Here is a counter-example.

Take a sequence of round 2-dimensional spheres $M_n$ of radii $r_n=n^{-1/2}$, $n=1,2,\dots$. Join them together into a long connected sum, namely connect each sphere to the next one by a tiny handle. Choose the points on the spheres where handles are attached carefully: on $M_n$, the two points (the connections with $M_{n-1}$ and $M_{n+1}$) should be not too close to each other and not too close to being diametrally opposite. (The distance half the diameter is just fine.)

Since $\sum r_n=\infty$, the resulting Riemannian manifold is complete. Since $\sum r_n^2=\infty$, its area is infinite. Now suppose that $f:M\to\mathbb R$ is a function with $|f'''|<\varepsilon$ along every geodesic. Observe that if $\gamma$ is a closed geodesic of length $\lambda$, then the difference between maximum and minimum of $f$ on $\gamma$ is at most $\varepsilon\lambda^3$. Our manifold has lots of short closed geodesics: any two points on neighboring spheres $M_n$ and $M_{n+1}$ can be connected by a chain of, say, at most 5 closed geodesics of length at most $10(r_n+r_{n+1})$. It follows that $|f(x)-f(y)|\le C \varepsilon r_n^3$ for all $x,y\in M_n\cup M_{n+1}$. Since the area is infinite, $f$ must go to 0 at infinity (to keep the $L^2$ norm bounded), therefore for $x\in M_n$ we have $$ |f(x)| \le \sum_{k=n}^\infty C\varepsilon r_k^3 \sim C\varepsilon n^{-1/2} . $$ Therefore $$ \int_M f^2 \le C\varepsilon^2 \sum r_n^2 n^{-1} =C\varepsilon^2 \sum n^{-2} . $$ The last series converges, thus $\|f\|_{L^2} \le C\varepsilon$ for some constant $C$.

Answer 2

My guess would be that the problem of curvature of the embedding is actually intrinsic to the problem. Heuristically, third (covariant?) derivatives of $f$ will be related to the curvature of $M$, and to globally bound $f'''$ you'll probably need to bound the curvature.

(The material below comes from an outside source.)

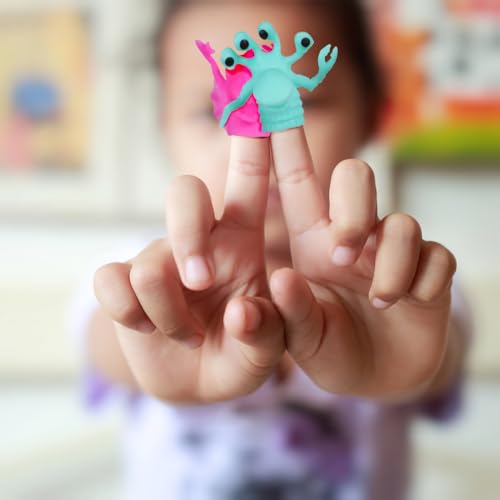 SAFIGLE Kinder Spielzeug 6 Fingerpuppen Dehnbare Fingerpuppen Fidget-Spielzeug Fingermonster Taschenfüller Rollenspiel-Spielzeug Partyartikel Lustiges Spielzeug Für Kinder Zufällige Kinderspielzeug ha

For example, if you assume that $M$ has bounded geometry (i.e. positive injectivity radius and Riemannian curvature and its derivatives bounded globally) then you should be able to make your idea work because the curvature of the embedding will be bounded. Maybe only bounded curvature (and its derivative) is needed.